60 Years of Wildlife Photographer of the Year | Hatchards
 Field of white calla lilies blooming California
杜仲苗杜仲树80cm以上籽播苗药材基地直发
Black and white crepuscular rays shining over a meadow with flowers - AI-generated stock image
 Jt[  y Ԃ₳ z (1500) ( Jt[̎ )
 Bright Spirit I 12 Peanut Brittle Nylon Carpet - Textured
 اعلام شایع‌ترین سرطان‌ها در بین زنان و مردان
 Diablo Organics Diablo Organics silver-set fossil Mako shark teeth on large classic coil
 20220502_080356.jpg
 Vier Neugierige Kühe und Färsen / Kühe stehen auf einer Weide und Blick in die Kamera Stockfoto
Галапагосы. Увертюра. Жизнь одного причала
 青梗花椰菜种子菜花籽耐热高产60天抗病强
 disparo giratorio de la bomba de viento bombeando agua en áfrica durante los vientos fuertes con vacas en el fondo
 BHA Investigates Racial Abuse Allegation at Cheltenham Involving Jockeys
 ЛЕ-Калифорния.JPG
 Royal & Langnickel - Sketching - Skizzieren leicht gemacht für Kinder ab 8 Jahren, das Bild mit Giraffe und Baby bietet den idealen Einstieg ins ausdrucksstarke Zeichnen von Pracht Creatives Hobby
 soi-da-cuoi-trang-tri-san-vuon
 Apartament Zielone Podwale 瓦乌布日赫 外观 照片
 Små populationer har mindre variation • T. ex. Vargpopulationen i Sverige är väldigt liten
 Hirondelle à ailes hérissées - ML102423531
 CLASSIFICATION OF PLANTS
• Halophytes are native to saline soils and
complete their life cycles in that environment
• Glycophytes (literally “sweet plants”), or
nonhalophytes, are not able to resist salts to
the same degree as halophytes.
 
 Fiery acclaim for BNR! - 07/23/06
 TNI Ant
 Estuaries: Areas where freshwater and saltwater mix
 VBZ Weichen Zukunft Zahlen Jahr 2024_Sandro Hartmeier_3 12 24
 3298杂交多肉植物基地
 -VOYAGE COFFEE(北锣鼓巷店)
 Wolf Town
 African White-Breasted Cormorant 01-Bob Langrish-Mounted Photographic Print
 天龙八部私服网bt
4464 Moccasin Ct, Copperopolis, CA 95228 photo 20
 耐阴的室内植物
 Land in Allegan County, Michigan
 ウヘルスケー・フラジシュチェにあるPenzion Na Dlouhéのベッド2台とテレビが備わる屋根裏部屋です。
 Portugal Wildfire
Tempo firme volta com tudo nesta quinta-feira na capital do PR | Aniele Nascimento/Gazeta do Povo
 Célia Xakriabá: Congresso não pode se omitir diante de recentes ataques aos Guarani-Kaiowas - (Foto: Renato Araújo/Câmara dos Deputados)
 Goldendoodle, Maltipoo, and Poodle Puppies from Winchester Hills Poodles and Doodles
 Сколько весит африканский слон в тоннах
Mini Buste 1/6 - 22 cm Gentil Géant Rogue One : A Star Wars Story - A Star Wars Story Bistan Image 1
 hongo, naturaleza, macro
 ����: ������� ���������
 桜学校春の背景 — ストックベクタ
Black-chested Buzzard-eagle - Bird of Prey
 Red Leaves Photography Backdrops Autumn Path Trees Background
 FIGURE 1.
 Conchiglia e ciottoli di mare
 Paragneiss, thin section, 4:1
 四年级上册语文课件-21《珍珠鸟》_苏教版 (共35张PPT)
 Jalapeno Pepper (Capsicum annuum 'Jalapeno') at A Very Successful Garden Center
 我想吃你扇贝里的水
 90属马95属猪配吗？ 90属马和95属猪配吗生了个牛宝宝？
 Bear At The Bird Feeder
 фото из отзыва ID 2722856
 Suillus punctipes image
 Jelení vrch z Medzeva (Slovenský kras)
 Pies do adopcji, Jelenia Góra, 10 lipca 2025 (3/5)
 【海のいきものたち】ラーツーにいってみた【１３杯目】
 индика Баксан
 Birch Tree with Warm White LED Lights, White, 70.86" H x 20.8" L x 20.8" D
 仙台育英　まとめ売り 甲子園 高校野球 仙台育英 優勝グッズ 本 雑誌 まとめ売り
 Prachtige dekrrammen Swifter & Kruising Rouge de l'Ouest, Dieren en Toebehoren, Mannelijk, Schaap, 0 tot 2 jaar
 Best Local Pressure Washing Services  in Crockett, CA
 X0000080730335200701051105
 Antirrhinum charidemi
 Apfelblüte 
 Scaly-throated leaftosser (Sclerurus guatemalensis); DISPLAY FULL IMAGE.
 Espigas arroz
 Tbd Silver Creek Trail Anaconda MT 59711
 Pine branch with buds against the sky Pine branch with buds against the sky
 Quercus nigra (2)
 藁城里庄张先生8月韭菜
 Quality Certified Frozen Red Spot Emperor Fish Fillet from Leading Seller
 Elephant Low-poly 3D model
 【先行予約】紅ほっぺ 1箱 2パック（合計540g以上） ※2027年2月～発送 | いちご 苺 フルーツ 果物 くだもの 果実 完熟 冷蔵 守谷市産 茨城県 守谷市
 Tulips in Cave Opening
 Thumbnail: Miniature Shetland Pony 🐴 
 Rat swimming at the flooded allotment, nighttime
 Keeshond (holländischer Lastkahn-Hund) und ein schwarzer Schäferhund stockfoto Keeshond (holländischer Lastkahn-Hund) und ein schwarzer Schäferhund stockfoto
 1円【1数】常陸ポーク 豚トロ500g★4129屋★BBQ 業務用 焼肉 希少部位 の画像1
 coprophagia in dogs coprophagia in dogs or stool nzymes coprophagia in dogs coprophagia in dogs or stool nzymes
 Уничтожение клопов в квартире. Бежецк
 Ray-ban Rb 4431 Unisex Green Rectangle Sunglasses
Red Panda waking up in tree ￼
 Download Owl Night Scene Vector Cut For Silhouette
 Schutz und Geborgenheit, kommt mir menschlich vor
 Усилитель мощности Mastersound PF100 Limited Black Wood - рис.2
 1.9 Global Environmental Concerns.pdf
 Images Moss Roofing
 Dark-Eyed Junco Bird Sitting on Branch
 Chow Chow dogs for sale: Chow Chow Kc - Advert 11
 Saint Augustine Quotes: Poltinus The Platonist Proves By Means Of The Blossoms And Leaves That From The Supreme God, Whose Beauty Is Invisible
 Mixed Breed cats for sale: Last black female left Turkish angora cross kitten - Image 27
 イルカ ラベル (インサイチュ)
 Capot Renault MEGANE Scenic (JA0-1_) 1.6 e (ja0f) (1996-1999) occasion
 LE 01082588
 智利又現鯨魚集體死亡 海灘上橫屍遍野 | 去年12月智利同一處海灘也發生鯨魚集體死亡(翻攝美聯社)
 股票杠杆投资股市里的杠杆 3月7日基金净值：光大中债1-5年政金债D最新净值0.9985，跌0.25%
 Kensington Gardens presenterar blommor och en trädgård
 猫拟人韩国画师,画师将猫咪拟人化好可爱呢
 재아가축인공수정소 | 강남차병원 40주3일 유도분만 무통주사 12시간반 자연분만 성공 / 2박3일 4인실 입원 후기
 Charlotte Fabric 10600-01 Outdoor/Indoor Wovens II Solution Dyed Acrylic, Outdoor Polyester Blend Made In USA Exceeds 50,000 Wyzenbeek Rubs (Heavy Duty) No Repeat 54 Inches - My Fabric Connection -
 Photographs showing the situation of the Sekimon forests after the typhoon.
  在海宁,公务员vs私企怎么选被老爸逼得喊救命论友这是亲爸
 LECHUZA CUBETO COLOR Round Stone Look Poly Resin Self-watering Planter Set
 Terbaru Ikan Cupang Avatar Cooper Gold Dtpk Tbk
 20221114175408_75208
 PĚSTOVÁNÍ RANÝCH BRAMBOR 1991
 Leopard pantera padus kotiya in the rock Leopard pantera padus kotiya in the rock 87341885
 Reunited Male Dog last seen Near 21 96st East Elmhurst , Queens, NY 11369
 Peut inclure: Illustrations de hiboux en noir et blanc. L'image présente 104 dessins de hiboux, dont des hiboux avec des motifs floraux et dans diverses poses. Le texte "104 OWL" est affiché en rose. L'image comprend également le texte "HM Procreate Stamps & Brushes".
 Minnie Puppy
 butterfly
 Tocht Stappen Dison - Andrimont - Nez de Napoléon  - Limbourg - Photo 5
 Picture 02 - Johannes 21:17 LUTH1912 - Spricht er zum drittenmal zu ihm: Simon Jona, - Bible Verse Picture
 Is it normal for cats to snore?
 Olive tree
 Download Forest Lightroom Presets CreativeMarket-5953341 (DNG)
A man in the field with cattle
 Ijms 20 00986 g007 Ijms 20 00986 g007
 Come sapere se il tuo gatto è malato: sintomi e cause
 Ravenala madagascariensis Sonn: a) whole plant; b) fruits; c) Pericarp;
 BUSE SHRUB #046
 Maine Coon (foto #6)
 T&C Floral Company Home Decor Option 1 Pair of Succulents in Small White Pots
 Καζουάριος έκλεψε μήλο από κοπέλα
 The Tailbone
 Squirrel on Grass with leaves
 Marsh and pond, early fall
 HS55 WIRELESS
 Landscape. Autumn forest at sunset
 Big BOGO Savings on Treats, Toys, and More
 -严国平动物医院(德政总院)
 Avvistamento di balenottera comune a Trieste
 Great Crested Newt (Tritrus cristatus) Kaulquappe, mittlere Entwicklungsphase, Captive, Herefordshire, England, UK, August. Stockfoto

**ASSIGNMENT:** All lines from the beginning of the material above through the one with "Portugal Wildfire" need to be returned exactly; please return those and only those.

**ANSWER BOX:**
60 Years of Wildlife Photographer of the Year | Hatchards
 Field of white calla lilies blooming California
杜仲苗杜仲树80cm以上籽播苗药材基地直发
Black and white crepuscular rays shining over a meadow with flowers - AI-generated stock image
 Jt[  y Ԃ₳ z (1500) ( Jt[̎ )
 Bright Spirit I 12 Peanut Brittle Nylon Carpet - Textured
 اعلام شایع‌ترین سرطان‌ها در بین زنان و مردان
 Diablo Organics Diablo Organics silver-set fossil Mako shark teeth on large classic coil
 20220502_080356.jpg
 Vier Neugierige Kühe und Färsen / Kühe stehen auf einer Weide und Blick in die Kamera Stockfoto
Галапагосы. Увертюра. Жизнь одного причала
 青梗花椰菜种子菜花籽耐热高产60天抗病强
 disparo giratorio de la bomba de viento bombeando agua en áfrica durante los vientos fuertes con vacas en el fondo
 BHA Investigates Racial Abuse Allegation at Cheltenham Involving Jockeys
 ЛЕ-Калифорния.JPG
 Royal & Langnickel - Sketching - Skizzieren leicht gemacht für Kinder ab 8 Jahren, das Bild mit Giraffe und Baby bietet den idealen Einstieg ins ausdrucksstarke Zeichnen von Pracht Creatives Hobby
 soi-da-cuoi-trang-tri-san-vuon
 Apartament Zielone Podwale 瓦乌布日赫 外观 照片
 Små populationer har mindre variation • T. ex. Vargpopulationen i Sverige är väldigt liten
 Hirondelle à ailes hérissées - ML102423531
 CLASSIFICATION OF PLANTS
• Halophytes are native to saline soils and
complete their life cycles in that environment
• Glycophytes (literally “sweet plants”), or
nonhalophytes, are not able to resist salts to
the same degree as halophytes.
 
 Fiery acclaim for BNR! - 07/23/06
 TNI Ant
 Estuaries: Areas where freshwater and saltwater mix
 VBZ Weichen Zukunft Zahlen Jahr 2024_Sandro Hartmeier_3 12 24
 3298杂交多肉植物基地
 -VOYAGE COFFEE(北锣鼓巷店)
 Wolf Town
 African White-Breasted Cormorant 01-Bob Langrish-Mounted Photographic Print
 天龙八部私服网bt
4464 Moccasin Ct, Copperopolis, CA 95228 photo 20
 耐阴的室内植物
 Land in Allegan County, Michigan
 ウヘルスケー・フラジシュチェにあるPenzion Na Dlouhéのベッド2台とテレビが備わる屋根裏部屋です。
 Portugal Wildfire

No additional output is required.